**Exercise objective:** Beginning at the line that contains "What I Got For Christmas 2013", reproduce the entries below exactly, ending with the line that contains "terra and avalanche join forces CoinIran". Omit each picture.

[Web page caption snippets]
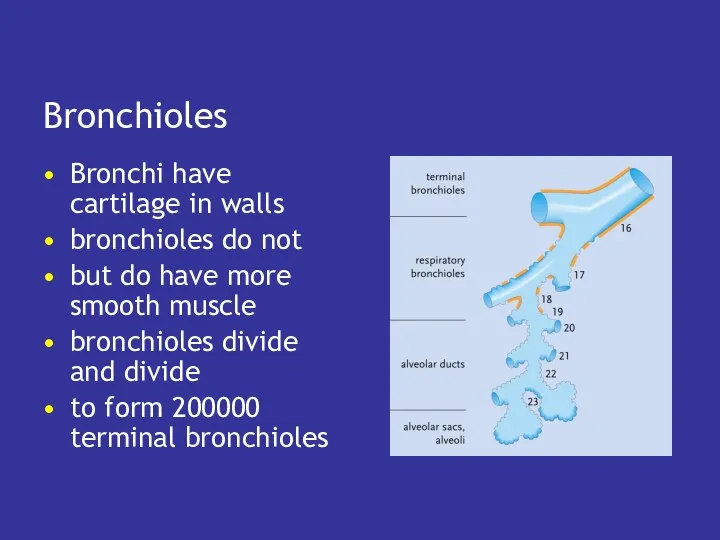 Bronchioles Bronchi have cartilage in walls bronchioles do not but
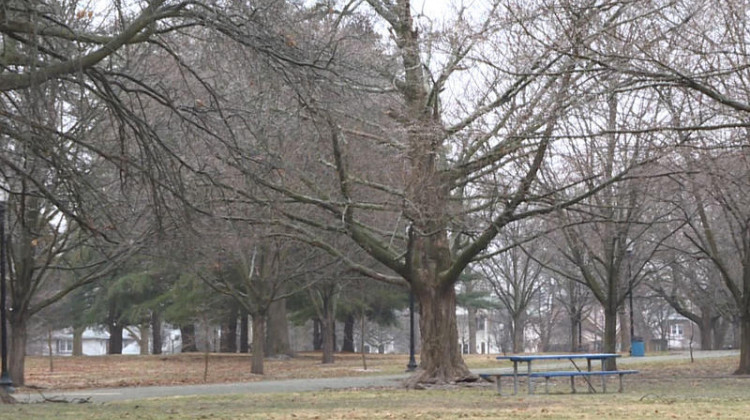 Garfield Park is just one of many locations where the city of Indianapolis has planted trees since 2020. - Rebecca Thiele/IPB News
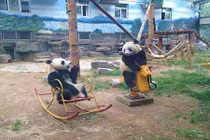 Chết mê gấu đáng yêu thích giả vờ mình là con người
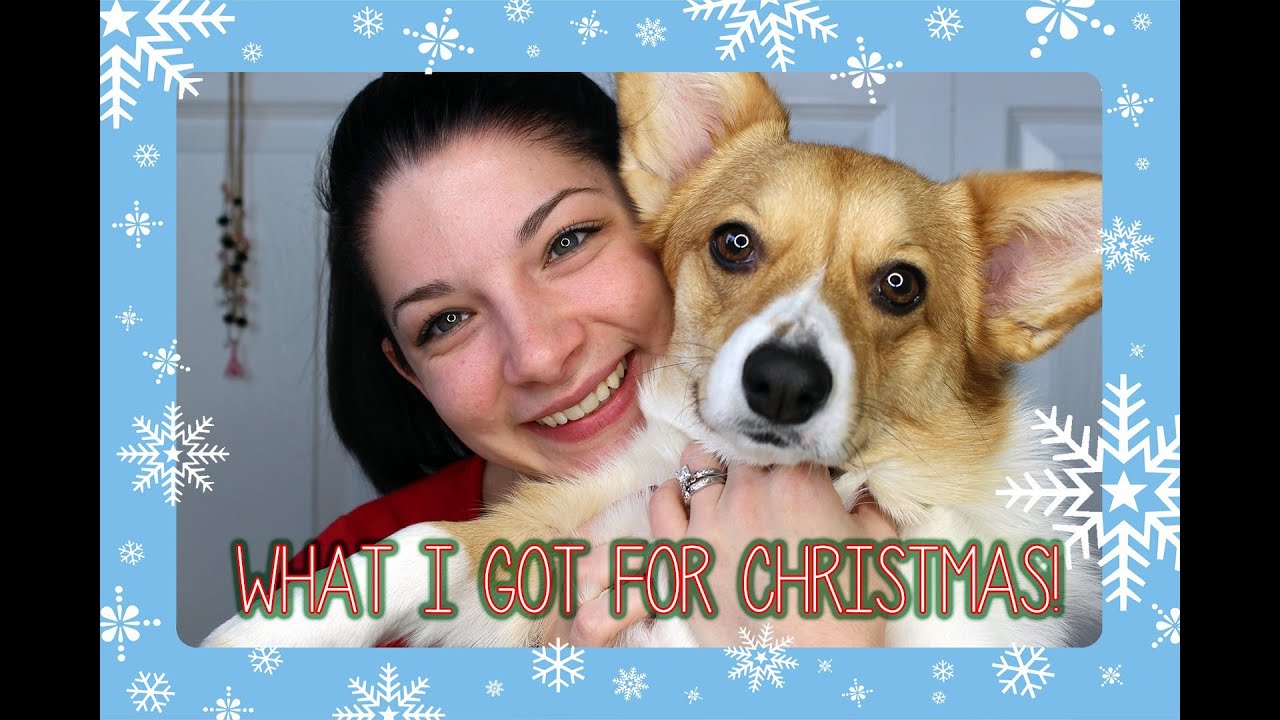 What I Got For Christmas 2013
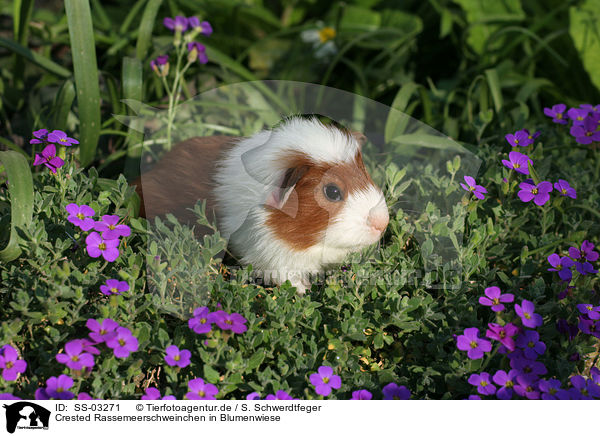 Crested Rassemeerschweinchen in Blumenwiese / SS-03271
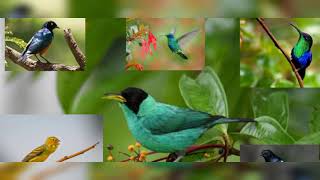 Download lagu nada dering lucu wa burung hutan Indonesia 4 mp3 Download lagu nada dering lucu wa burung hutan Indonesia 4 mp3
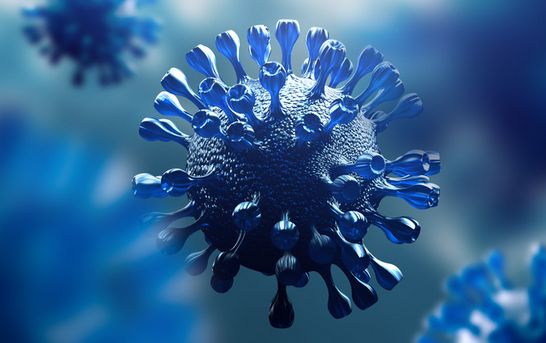 Terjed a koronavírus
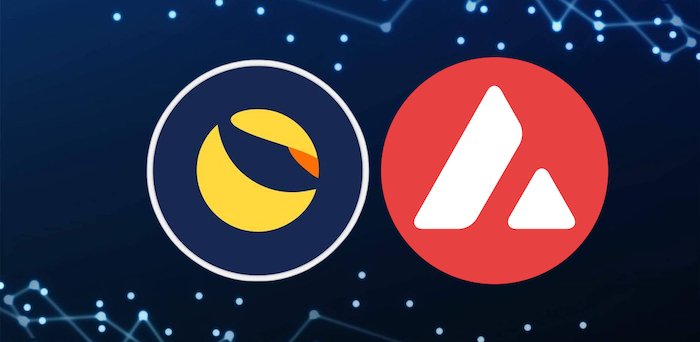 terra and avalanche join forces CoinIran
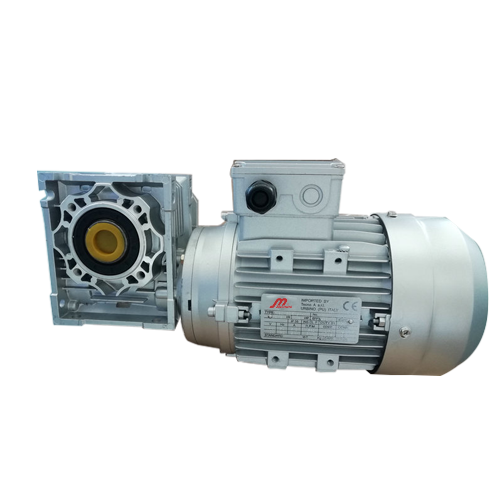WP Series Worm Gear Speed Reducer
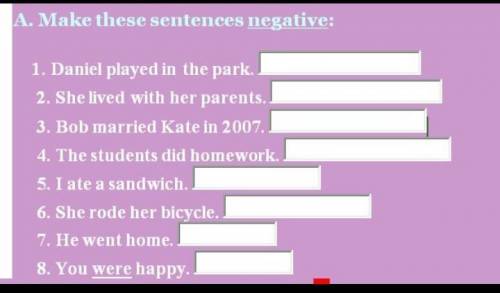 Make these sentences negative​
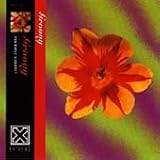 Groovy/Rebirth of Retro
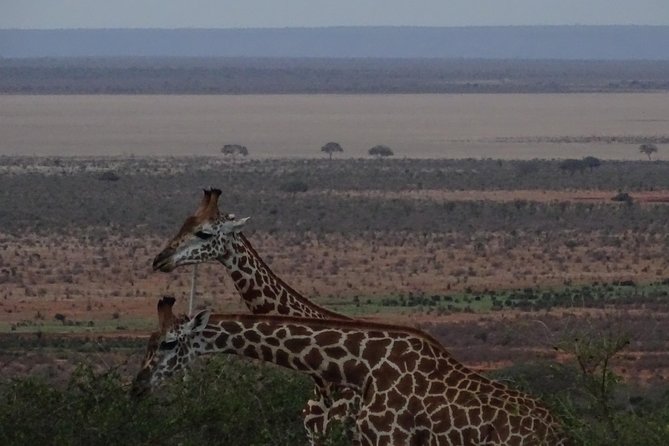 5 Days Safari Tsavo East Voyager Ziwani Amboseli Tsavo West Kilanguni Serena Ldg - The Sum Up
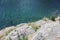 Swiss lake in the spruce forest with fir-tree, Alps.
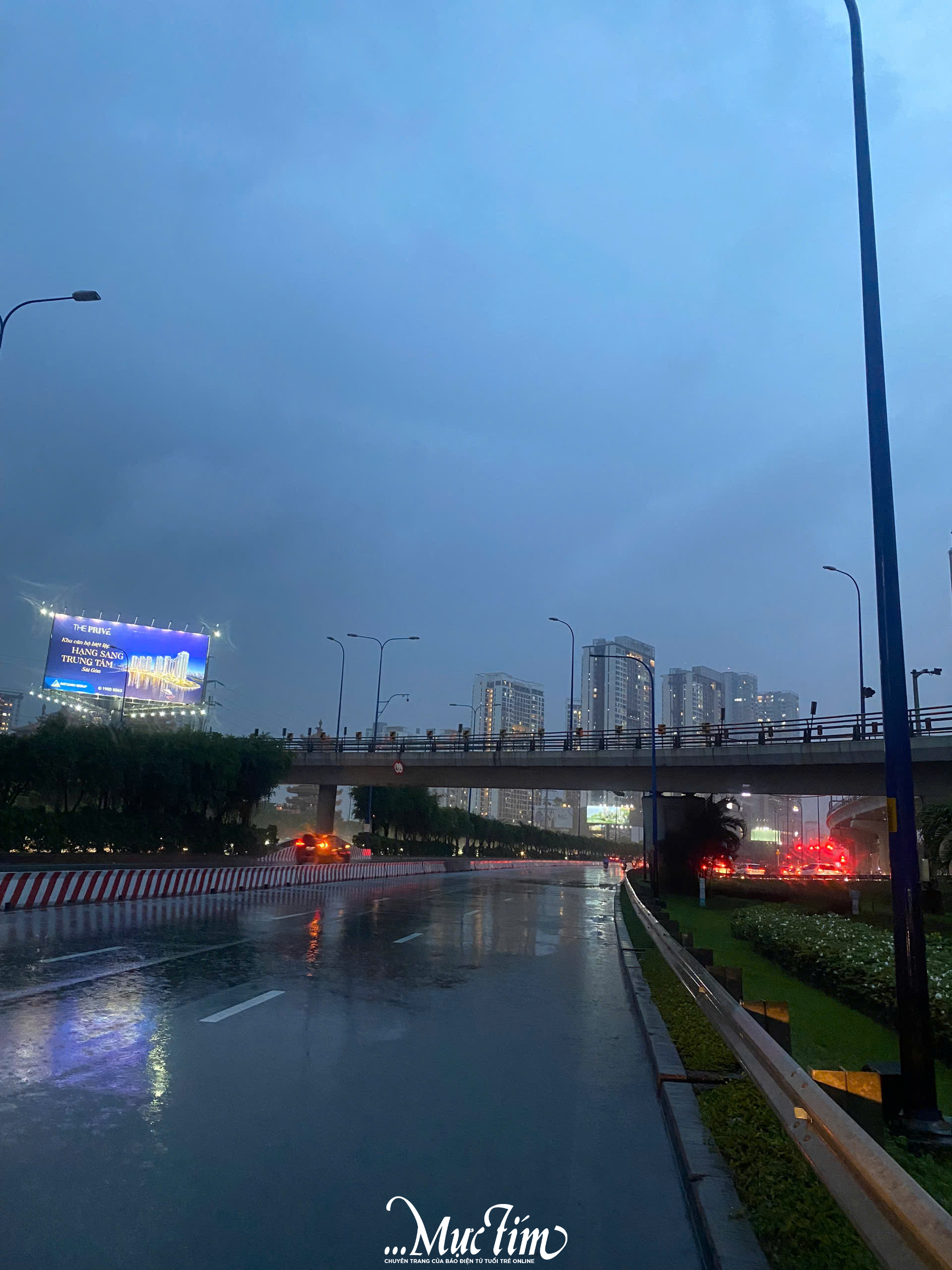 TP.HCM mưa lớn chiều 11-9, cây cối ngã đổ, đường sá ngập nặng- Ảnh 6.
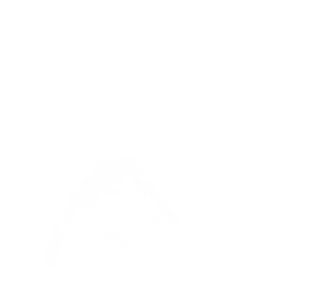 Slide_1
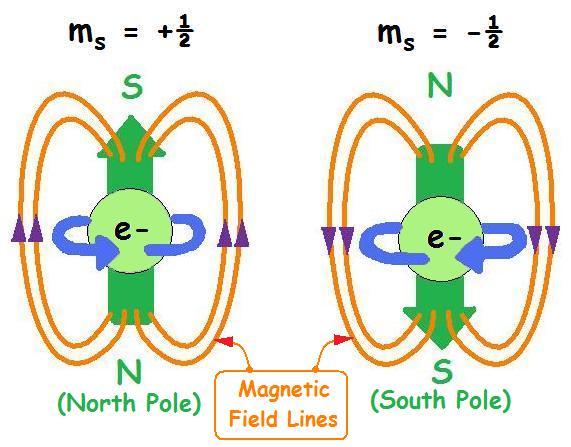 Drehbewegungen in Molekülen und Atomen Elektronen und viele Atomkerne haben einen besonderen Drehimpuls - den Spin Grundlage für ESR, NMR, MR-Bildgebung http://chemwiki.ucdavis.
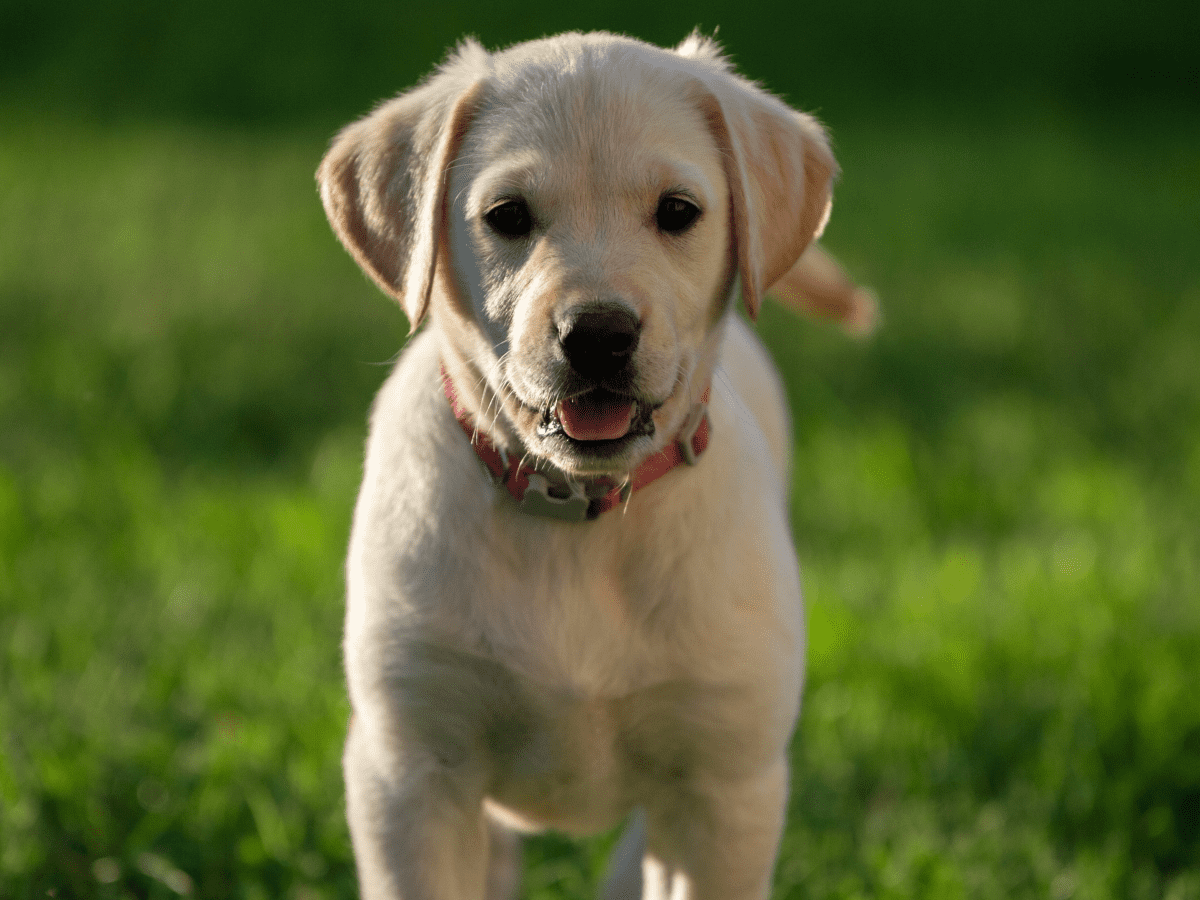 Golden retriever dog outdoor portrait, beautiful adult golden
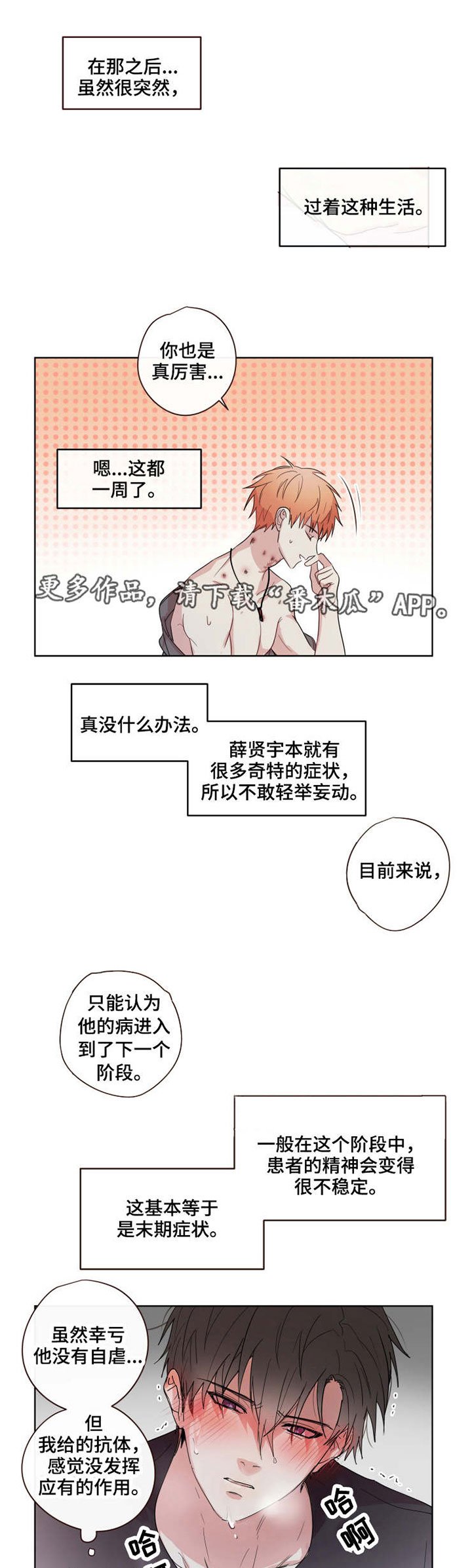 第17章：依赖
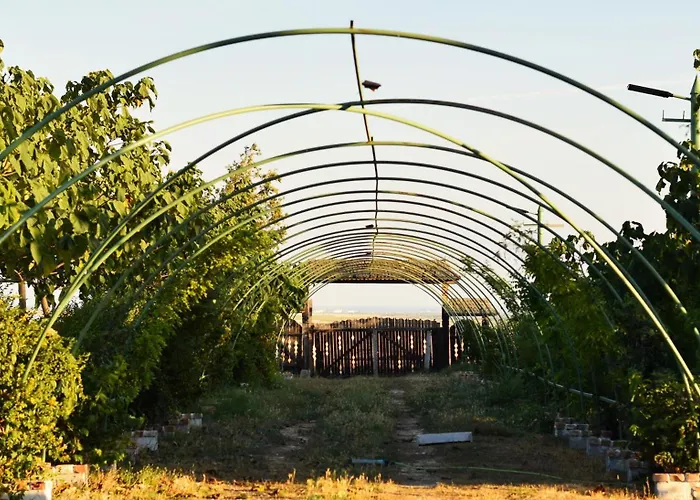 La Colibe, Catun Arhaic Ecologic * コンスタンツァ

**Response area:**
 What I Got For Christmas 2013
 Crested Rassemeerschweinchen in Blumenwiese / SS-03271
 Download lagu nada dering lucu wa burung hutan Indonesia 4 mp3 Download lagu nada dering lucu wa burung hutan Indonesia 4 mp3
 Terjed a koronavírus
 terra and avalanche join forces CoinIran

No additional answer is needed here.